Metric What It Does Impact
Capacity Determines max model size If model requires 90GB, it won't fit on 80GB H100
Bandwidth Determines inference speed LLM inference is memory-bound—higher bandwidth = more tokens/sec

Example: For a 70B model, H100's 3.35 TB/s yields ~70 tokens/sec; H200's 4.8 TB/s yields ~100 tokens/sec.

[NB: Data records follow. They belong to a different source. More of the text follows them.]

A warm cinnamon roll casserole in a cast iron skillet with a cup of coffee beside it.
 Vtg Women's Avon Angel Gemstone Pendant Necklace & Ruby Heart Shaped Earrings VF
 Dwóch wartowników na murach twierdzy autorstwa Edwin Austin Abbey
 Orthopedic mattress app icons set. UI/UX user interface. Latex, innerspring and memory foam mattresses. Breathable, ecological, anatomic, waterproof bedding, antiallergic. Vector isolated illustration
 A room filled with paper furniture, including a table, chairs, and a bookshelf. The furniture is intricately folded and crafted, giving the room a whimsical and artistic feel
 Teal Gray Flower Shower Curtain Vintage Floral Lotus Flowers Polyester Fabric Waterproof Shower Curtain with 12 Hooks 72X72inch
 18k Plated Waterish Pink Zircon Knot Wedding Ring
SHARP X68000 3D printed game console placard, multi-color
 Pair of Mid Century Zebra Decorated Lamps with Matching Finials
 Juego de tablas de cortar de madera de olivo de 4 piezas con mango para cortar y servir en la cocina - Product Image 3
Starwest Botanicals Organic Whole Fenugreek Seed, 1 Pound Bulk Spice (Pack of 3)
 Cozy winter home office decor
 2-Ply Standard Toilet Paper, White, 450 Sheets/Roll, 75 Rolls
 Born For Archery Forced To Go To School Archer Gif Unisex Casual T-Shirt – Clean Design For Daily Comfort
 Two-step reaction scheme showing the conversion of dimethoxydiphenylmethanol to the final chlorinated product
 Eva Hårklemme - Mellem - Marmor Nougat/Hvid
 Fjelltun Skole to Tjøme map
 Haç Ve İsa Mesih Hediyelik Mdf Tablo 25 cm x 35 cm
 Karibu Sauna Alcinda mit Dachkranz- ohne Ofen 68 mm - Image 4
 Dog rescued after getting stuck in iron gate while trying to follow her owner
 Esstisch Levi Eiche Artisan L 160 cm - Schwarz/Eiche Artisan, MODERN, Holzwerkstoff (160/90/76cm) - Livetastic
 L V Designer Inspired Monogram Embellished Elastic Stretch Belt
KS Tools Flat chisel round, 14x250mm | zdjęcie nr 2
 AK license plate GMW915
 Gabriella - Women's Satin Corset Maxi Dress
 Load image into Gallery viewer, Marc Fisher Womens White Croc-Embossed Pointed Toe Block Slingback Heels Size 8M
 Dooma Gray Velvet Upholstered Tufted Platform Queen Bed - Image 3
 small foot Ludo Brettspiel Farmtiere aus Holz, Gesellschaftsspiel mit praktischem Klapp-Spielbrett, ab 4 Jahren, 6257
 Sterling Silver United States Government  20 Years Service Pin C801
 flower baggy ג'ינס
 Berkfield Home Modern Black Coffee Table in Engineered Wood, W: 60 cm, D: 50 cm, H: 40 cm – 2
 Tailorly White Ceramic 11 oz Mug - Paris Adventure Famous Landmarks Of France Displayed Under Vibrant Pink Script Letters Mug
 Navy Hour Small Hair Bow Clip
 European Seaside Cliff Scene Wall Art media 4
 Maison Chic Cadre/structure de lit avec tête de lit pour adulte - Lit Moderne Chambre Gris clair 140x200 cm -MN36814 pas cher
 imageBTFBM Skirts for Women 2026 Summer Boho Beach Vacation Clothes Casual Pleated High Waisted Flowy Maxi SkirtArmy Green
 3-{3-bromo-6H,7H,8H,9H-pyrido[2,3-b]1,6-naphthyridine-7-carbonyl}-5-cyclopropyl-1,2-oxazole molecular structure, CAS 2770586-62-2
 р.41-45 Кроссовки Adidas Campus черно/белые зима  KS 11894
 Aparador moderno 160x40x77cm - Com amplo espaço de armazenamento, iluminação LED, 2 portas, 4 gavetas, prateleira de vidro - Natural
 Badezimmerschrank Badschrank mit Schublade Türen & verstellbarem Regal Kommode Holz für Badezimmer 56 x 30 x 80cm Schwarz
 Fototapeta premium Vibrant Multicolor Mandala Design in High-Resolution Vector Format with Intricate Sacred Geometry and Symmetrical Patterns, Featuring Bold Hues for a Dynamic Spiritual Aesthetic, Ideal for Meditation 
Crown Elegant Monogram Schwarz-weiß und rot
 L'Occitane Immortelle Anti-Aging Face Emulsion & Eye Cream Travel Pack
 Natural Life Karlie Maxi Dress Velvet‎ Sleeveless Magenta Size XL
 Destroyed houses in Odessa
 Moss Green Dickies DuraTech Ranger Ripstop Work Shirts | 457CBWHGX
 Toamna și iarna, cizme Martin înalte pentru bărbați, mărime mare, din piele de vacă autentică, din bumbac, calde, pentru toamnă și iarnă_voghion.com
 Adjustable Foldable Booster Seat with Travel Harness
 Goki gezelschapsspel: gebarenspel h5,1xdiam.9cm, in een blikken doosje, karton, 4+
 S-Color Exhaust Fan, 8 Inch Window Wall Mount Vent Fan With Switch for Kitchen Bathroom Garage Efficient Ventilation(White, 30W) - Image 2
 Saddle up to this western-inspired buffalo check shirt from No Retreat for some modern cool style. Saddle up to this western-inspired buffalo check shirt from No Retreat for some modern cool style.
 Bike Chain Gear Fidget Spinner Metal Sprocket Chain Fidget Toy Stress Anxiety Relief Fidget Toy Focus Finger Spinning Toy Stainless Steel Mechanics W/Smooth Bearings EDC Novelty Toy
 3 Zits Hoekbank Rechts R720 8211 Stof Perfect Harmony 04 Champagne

Can I use model parallelism to work around memory limits?

Yes, but with trade-offs:

Technique Pros Cons
Tensor Parallelism Splits layers across GPUs Adds communication overhead (NVLink essential)
Pipeline Parallelism Different layers on different GPUs Adds latency, reduces throughput per GPU
ZeRO/FSDP Shards optimizer states and parameters Works for training, complex for inference

Recommendation: Single-GPU inference is always simpler. If your model fits on one H200, that's preferable to two H100s with tensor parallelism.


Key Takeaways

Takeaway Why It Matters
Match memory to model size Don't overspend on H200 if your models fit comfortably on H100
Bandwidth matters for inference Memory-bound operations scale directly with bandwidth
Plan for KV cache Long-context applications can consume 50%+ of GPU memory for KV cache alone
Consider total cost Two H100s may cost more than one H200 while providing similar effective capacity

Conclusion

Understanding GPU memory architecture isn't just academic—it directly impacts your infrastructure decisions and costs. The right GPU for your workload balances capacity, bandwidth, and budget.